Le PS a toujours été un agglomérat hétérogène de gens dont
les leaders ont pour tout objectif d’occuper un poste électif et éventuellement
ministériel. Pour y parvenir, il leur faut ménager la chèvre gauchiste et le
chou centriste. Grâce à des alliances électorales qui les obligent à un écart
encore plus grand, il arrive que, par hasard, quand les circonstances s’y
prêtent, un de leurs spécialistes des magouilles d’appareil (l’Homme d’inox en
est un, et un beau) parvienne à se faire élire. Et là commence le drame. Car si,
pour parvenir à un poste, on peut s’unir, l’élection passée la carpe et le
lapin ne veulent plus entendre parler de mariage. Chacun retrouve sa vraie
nature et la majorité se délite. D’autant plus vite qu’un incendie ravage le
lac.
Jusqu’à nouvel ordre, la « politique mise en place »

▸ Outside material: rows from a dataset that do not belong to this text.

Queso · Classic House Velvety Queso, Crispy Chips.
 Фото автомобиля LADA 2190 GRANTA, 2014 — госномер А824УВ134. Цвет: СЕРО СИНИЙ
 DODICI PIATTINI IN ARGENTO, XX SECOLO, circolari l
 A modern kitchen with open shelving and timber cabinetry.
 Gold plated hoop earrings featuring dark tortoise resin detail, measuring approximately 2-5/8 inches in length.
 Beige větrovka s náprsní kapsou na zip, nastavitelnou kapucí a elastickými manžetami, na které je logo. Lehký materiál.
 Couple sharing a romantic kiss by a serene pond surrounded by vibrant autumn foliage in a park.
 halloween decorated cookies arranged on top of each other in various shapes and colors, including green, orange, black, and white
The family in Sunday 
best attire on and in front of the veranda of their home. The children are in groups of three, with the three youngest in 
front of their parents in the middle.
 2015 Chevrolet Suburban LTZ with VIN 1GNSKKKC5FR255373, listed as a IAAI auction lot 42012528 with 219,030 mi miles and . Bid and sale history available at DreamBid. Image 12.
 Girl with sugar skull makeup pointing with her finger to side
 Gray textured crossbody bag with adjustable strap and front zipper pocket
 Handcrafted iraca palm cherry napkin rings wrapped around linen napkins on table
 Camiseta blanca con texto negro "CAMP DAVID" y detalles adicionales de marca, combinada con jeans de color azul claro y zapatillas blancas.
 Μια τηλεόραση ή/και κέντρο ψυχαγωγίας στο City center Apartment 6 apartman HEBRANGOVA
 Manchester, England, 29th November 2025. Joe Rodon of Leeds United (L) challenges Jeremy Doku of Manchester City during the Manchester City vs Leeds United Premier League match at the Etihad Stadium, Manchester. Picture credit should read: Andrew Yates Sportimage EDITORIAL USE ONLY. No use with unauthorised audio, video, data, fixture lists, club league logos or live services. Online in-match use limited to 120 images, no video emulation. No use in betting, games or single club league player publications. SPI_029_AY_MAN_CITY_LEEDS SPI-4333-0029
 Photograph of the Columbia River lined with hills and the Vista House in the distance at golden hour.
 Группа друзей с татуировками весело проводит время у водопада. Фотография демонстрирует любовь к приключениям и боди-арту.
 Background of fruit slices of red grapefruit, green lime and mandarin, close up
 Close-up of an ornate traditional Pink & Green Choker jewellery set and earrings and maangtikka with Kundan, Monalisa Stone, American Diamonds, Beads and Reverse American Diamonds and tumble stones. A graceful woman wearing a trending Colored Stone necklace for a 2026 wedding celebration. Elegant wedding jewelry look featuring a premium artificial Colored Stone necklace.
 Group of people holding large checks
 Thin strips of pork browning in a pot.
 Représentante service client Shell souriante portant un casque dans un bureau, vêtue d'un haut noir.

n’a porté que des fruits bien amers. Du coup, les factions s’entraccusent d’être
à l’origine du fiasco. L’aile gauche
veut une relance par la demande tant il est vrai que les recettes qui n’ont
jamais mené à rien sont les meilleures. L’aile droite prétend, à coups de
réformettes, relancer l’offre. Réalistes timides et démagogues antédiluviens se
tiennent cependant par la barbichette car un réel divorce les amènerait devant un
électeur que son manque de jugement risquerait de pousser à ne pas les
reconduire. Ils sont, comme un ménage que seul l’intérêt réunit (en nos temps
troublés n’est-ce pas l’union la plus stable ?), condamnés à se supporter.
L’aile gauche continuera donc à avaler des couleuvres tout
en déclarant à qui veut l’entendre et la main sur le cœur son dégoût des
reptiles. A moins, bien entendu, que son fanatisme et une mauvaise appréciation
du climat politique général ne l’amène à se saborder en mettant le gouvernement
Valls 2 en minorité, provoquant ainsi une dissolution. On peut encore imaginer
que des troubles sociaux d’une intensité inouïe rendent tout statu quo
impossible. Ne possédant pas de boule de
cristal fiable et n’étant, par nature, pas joueur, je ne parierai sur aucune de
ces éventualités.
Toujours est-il que l’Homme d’inox est mal, quoi qu’il
arrive. La gauche de son parti et les alliés extrêmes de ce dernier le
vomissent ; quant au premier ministre qui mène sa droite il faudrait être peu
perspicace pour ne pas soupçonner son désir fervent de l’envoyer au plus vite se
faire voir chez plumeau et prendre sa place. Au dauphin si gentil de la chanson
ne restaient qu’Orléans, Beaugency, Notre-Dame de Cléry et Vendôme. Que
reste-t-il à notre président ? Mayotte ? Ce n’est même pas assuré… A
moins que la petite fée bleue ne lui accorde une reprise rapide et forte avec
inversion de courbe intégrée, je crains qu’il n’ait guère d’avenir et qu’il ne
laisse que le souvenir d’un calamiteux quinquennat.